8116 Jeanperrin

Discovery
- Discovered by: E. W. Elst
- Discovery site: La Silla Obs.
- Discovery date: 17 April 1996

Designations
- Named after: Jean Baptiste Perrin (French physicist)
- Alternative designations: 1996 HA_{15} · 1987 WU_{3} 1990 RS_{11}
- Minor planet category: main-belt · (inner) Flora

Orbital characteristics
- Epoch 23 March 2018 (JD 2458200.5)
- Uncertainty parameter 0
- Observation arc: 30.26 yr (11,051 d)
- Aphelion: 2.6079 AU
- Perihelion: 1.8916 AU
- Semi-major axis: 2.2498 AU
- Eccentricity: 0.1592
- Orbital period (sidereal): 3.37 yr (1,233 d)
- Mean anomaly: 36.814°
- Mean motion: 0° 17^{m} 31.56^{s} / day
- Inclination: 5.4335°
- Longitude of ascending node: 48.972°
- Argument of perihelion: 320.86°
- Known satellites: 1 (D: 1.49 km; P: 36.15 h)

Physical characteristics
- Mean diameter: 3.66±0.10 km 3.72±0.63 km 4.773±0.075 km 4.797 km 4.80 km (taken)
- Synodic rotation period: 3.6169±0.0002 h 3.6169±0.0002 h 3.61692±0.00007 h
- Geometric albedo: 0.1841 0.1859±0.0353 0.186±0.035 0.40±0.19 0.437±0.045
- Spectral type: S (assumed) V–R = 0.475±0.020 V–I = 0.870±0.030
- Absolute magnitude (H): 13.52±0.13 13.64±0.04 (R) 13.70 13.8 13.98±0.35 14.05

= 8116 Jeanperrin =

Main-belt asteroid binary

8116 Jeanperrin, provisional designation , is a Florian asteroid and synchronous binary system from the inner regions of the asteroid belt, approximately 4.8 km in diameter. It was discovered on 17 April 1996, by Belgian astronomer Eric Elst at the La Silla Observatory in northern Chile. The likely stony S-type asteroid has a rotation period of 3.62 hours and a nearly round shape. It was named for French physicist and Nobel laureate Jean Baptiste Perrin. A minor-planet moon, a third the size of its primary, was discovered in 2007.
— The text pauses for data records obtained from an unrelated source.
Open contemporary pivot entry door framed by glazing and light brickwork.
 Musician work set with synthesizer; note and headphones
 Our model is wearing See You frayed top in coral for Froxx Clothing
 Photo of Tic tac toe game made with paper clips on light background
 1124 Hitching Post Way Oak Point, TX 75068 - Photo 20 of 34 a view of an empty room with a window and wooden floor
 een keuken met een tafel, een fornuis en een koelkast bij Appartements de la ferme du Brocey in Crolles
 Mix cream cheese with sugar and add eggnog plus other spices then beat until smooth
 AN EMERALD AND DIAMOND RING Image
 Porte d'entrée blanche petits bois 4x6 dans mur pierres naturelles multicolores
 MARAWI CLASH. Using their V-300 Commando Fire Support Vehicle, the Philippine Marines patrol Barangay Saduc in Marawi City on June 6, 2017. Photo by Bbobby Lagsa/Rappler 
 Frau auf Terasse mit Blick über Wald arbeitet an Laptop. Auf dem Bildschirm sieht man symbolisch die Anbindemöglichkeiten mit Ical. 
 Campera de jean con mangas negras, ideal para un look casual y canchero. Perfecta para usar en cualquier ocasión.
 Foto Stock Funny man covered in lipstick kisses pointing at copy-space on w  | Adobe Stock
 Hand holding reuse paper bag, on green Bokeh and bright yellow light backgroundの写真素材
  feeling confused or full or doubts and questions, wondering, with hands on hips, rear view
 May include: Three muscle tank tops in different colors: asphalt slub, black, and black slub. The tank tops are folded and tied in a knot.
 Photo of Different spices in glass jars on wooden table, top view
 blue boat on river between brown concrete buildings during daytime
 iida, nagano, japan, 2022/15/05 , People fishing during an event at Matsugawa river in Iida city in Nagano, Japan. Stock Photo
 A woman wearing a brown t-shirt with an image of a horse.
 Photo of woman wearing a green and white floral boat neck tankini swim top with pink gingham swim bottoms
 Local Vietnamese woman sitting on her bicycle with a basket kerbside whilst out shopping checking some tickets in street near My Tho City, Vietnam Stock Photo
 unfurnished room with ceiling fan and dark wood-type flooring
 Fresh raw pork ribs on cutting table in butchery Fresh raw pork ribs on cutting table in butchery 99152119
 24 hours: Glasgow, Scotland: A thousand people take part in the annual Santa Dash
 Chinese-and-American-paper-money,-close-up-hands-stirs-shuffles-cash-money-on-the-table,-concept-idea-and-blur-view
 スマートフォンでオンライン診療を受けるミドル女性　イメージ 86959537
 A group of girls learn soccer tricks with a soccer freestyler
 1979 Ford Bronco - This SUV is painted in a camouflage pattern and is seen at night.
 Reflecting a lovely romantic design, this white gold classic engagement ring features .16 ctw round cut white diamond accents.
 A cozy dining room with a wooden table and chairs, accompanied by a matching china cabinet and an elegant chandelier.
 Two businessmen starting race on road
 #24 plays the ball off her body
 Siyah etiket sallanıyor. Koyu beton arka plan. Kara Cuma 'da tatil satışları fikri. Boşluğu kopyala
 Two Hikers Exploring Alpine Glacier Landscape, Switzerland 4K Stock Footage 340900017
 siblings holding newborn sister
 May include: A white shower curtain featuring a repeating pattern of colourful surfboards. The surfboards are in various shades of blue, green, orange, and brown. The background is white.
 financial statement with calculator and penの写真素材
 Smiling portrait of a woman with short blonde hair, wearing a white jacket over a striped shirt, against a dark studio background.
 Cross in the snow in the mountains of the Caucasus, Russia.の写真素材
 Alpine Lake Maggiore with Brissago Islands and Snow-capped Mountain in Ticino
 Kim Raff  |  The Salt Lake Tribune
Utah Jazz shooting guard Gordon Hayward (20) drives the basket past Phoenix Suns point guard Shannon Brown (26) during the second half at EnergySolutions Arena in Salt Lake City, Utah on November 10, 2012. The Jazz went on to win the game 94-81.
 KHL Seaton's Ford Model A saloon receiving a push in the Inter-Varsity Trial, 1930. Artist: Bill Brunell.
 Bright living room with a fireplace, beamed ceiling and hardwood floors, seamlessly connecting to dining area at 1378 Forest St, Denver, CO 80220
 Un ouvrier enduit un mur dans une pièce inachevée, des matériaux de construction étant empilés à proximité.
== Orbit and classification ==

Jeanperrin is a member of the Flora family (402), a giant asteroid family and the largest family of stony asteroids in the main-belt.

It orbits the Sun in the inner asteroid belt at a distance of 1.9–2.6 AU once every 3 years and 4 months (1,233 days; semi-major axis of 2.25 AU). Its orbit has an eccentricity of 0.16 and an inclination of 5° with respect to the ecliptic. The body's observation arc begins with its first observations as at Anderson Mesa Station in November 1987, more than 8 years prior to its official discovery observation at La Silla.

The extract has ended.